Pretty dramatic explosion as the crate wall collapses:


----------



## slip (May 7, 2015)

Dave, you're going to have a great show to watch when your the there!!


----------



## DaveNV (May 7, 2015)

slip said:


> Dave, you're going to have a great show to watch when your the there!!



My fingers are SO crossed right now!  

Dave


----------



## Luanne (May 7, 2015)

BMWguynw said:


> My fingers are SO crossed right now!
> 
> Dave



Dave, thought you might enjoy this post from Konaweb.

"Aloha.

Kim and I decided to visit the volcano on Wednesday May 6th; this after first gambling early on that the visible lava could easily be a brief event and disappear in a moment, but figuring the initial rush may've waned a bit if we wait. Fortunately it appears by Volcano Observatory asessment that this is a substantial pulse of magma that could last quite some time. It may be worth noting that lava lakes, sometimes entirely filling Halema'uma'u have been the norm rather than the exception, and also that the volume of lava production has been lower than normal for the last few years. Inflation continues by all measures and it remains to be seen what else may happen in the future. For the time being Pele seems in no hurry to hide herself! 
Upon several recommendations we chose to arrive well after sunset...around 8:45PM...and found an "average" traffic volume in the park. Staff were in place at the Kilauea overlook, about 3/4 mile beyond the Steaming Bluffs in case redirection was needed tue to a of high volume traffic, but we were waved on. The parking lot at the Jaggar Museum was full, but parking on the roadside was no problem. 

The view is spectacular. We'd viewed the summit at night numerous times, but this was breathtaking. Bring binoculars if you have them, and experiment beforehand with taking photos through them - my camera adjusted focus automatically (you'll want to zoom in somewhat first) and with a little steadying allowed fine photos and video. Binoc's are a real plus with or without camera. 
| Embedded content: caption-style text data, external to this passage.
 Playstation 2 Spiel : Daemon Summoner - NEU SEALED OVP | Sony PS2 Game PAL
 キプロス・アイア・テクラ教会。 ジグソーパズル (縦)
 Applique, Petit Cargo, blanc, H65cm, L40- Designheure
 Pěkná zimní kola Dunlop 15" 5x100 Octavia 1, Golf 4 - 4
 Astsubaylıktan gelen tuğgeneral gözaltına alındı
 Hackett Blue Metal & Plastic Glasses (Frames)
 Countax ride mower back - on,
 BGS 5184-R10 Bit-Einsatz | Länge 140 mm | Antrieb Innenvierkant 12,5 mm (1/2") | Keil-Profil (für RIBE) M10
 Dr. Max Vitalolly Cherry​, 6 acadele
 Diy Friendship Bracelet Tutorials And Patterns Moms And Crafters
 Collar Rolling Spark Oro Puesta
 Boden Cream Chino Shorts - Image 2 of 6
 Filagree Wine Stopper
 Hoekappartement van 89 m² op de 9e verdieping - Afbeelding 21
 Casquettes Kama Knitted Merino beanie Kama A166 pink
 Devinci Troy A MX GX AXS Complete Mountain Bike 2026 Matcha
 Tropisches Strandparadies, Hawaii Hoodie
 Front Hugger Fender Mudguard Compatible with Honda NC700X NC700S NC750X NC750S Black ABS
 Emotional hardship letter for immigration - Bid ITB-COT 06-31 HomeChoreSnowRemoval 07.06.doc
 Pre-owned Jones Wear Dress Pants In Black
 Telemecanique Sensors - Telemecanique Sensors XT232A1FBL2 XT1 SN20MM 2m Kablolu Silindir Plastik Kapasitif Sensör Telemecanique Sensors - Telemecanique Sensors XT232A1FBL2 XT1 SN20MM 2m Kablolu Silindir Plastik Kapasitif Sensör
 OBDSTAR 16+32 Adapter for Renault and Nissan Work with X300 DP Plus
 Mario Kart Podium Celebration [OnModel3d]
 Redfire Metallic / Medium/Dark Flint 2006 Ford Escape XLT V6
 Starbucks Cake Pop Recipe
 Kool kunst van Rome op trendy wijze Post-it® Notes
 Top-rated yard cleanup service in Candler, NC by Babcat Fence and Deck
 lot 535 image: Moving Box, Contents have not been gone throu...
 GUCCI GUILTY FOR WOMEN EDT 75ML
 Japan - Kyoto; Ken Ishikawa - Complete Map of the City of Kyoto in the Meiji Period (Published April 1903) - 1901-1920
As an added bonus, we chose to drive over in the early afternoon and take in Uncle Robert's Awa Bar and Farmers Market in Kalapana, an every-Wednesday event that's without equal! I was told on good authority that this may well be the last of its kind in all of the islands. Just go to the end of highway 137 where the lava ends...5-10PM (early arrival if you want parking). Added, added bonus - you're at the official landing pad for extraterrestrials. Gotta love Puna! 

Plan ahead and enjoy."


----------



## T_R_Oglodyte (May 7, 2015)

We'll be staying in Punalu'u for several days in August with two of our four kids.  Hoping that Madame Pele decides not to take a nap then.


----------



## DeniseM (May 8, 2015)

"New video shows 'vigorous' lava spattering in Halemaumau"

http://www.staradvertiser.com/news/...igorous_lava_spattering_in_Halemaumau.html?1t


----------



## DaveNV (May 9, 2015)

Luanne said:


> The view is spectacular.




I can't wait! 

Dave


----------



## DaveNV (May 9, 2015)

DeniseM said:


> "New video shows 'vigorous' lava spattering in Halemaumau"
> 
> http://www.staradvertiser.com/news/...igorous_lava_spattering_in_Halemaumau.html?1t




Great images! Planning now on which cameras to take, which lenses, which tripods, and so forth. Being married to a photographer is challenging sometimes.  Glad I don't have to carry the camera bags! 

Dave


----------



## taffy19 (May 9, 2015)

T_R_Oglodyte said:


> We'll be staying in Punalu'u for several days in August with two of our four kids.  Hoping that Madame Pele decides not to take a nap then.


I hope for you and your four kids that Madame Pele decides not to take a nap and will be active too for Dave when he is there.

Please, take pictures and show us some.


----------